The residents who spoke with Sunday Sun said that the bad state of the road had made commuting unbearable for them, adding that businesses in the area had collapsed. Visits to the areas showed that the inner roads that link Adaloko to Era road and Adaloko to Afromedia are in a bad state. People living in this area have not felt government presence as development seems to be very far from them.

Residents said they have been abandoned by the government. A middle-aged POS operator in the area, Dominic, said that the road had been abandoned for over 20 years.

He added that during the rainy season residents and business owners usually experience hardship as the unpaved road becomes flooded and un-motorable.

“The road has really affected us, and it has been like this for two years or more. Adaloko needs government presence; there are no social amenities or infrastructural development. Power supply is very poor and there is no police station in the area,” he said.

A foodstuff trader in the area, Mama Favour, said that the epileptic power supply, usually affects frozen fish businesses in the area, saying that they either fry or dry the fish, thereby incurring additional cost that raises the price of the fish and also making people less likely to buy.

While conceding that the government is making effort to reconstruct the Badagry Expressway into a 10-lane highway, with a rail line, in pursuit of the megacity dream of the government, she argued that the government should equally give attention to the dilapidated inner roads.

“The inner part of Era road that can link to other communities is in a very bad state. It was destroyed by flood. The bridge is broken and stagnant water at that particular spot of the road is deplorable. Adaloko needs a motorable road and it should be tarred for easy access. The deplorable state of the road makes transportation cost very high,” she said.

Also, in Olorunda Local Council Development Area as well as Badagry Local Government Area through which the Lagos-Badagry Expressway traverses, for people living in Odofa, Ibiye, Magbon, Oko-Afo, Ibereko areas, bent vehicle rims and frequent flat tyres have become the regular experience of commercial vehicle drivers as one of them, Sunday Oluwole, told Sunday Sun.
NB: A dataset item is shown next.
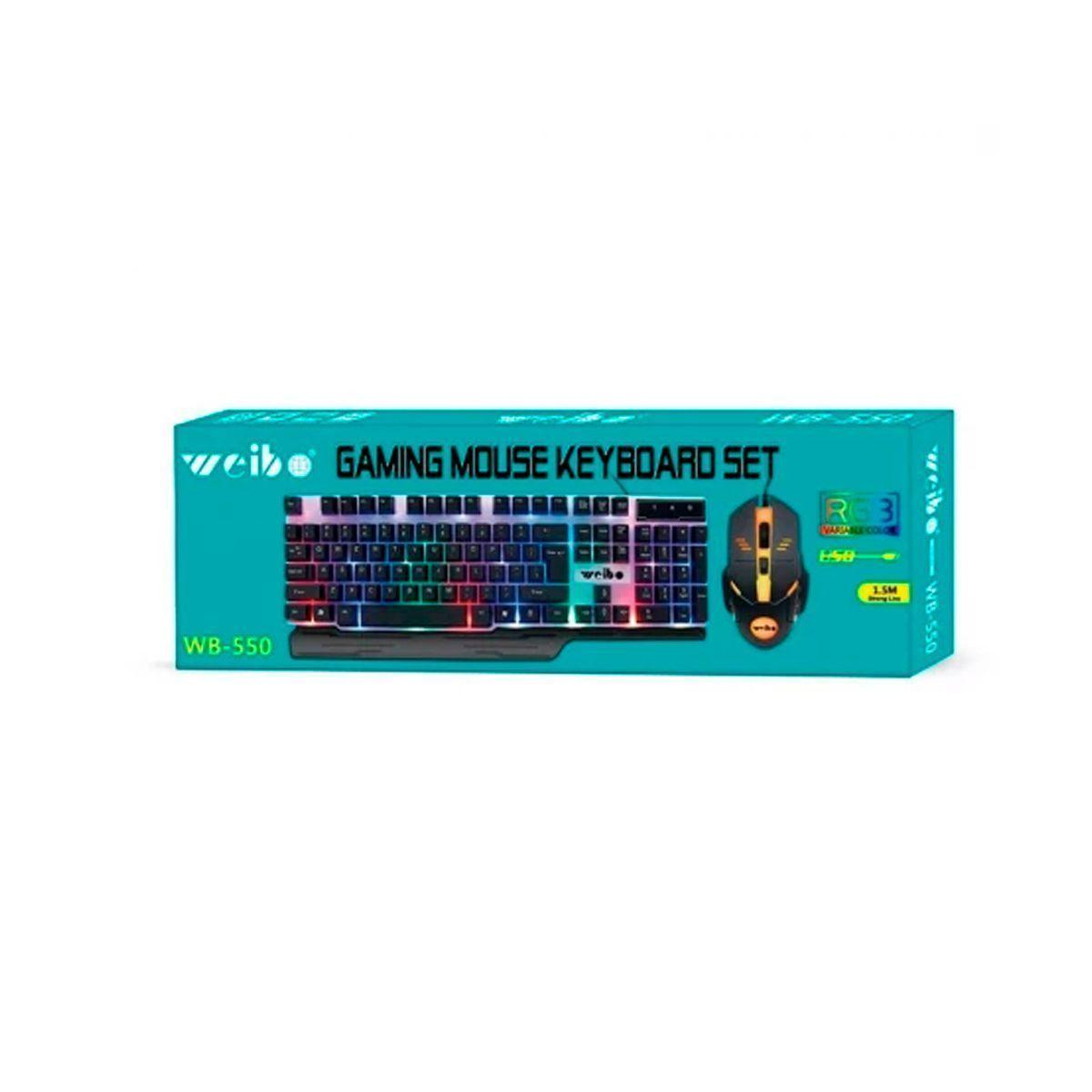 Mouse Y Teclado Gamer Weibo Wb-550 Rgb Sensacion Mecanica-3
Indeed, Lagos-Badagry Expressway from the Iyana-Iba axis has become drivers’ nightmare.

Aside Mile 2-Okokomaiko section which has been under reconstruction forever and still passable, the people’s greatest fear is the stretch from Iyana-Iba, Okokomaiko and Igbo-Elerin up to Badagry, which they said they do not know what the government’s plan for the stretch is in the near future.

Indeed a drive through the expressway from Igbo-Elerin Junction through Agbara, Oko-Afo, Magbon and Ibereko area, is a terrible daily experience for the people who, unavoidably, must ply the road.

Moreso, in Oriade Local Council Development Area, Edet who runs a tricycle (Keke) taxi service along Maruwa route, in Satellite town said: “This road has suffered terrible neglect. As you can see, several portions of the road have practically collapsed. There are some portions you will get to and you will have to come to a total halt. Especially, when traffic builds up and you end up spending hours on the road. You need to see how the underneath of Keke hits the ground when it rains because water covers the remaining concrete parts of the dilapidated road.”

Old Ojo Road, which is also in Oriade Local Council Development Area, is equally deplorable as the inner routes around Agboju down to First Gate have deep potholes.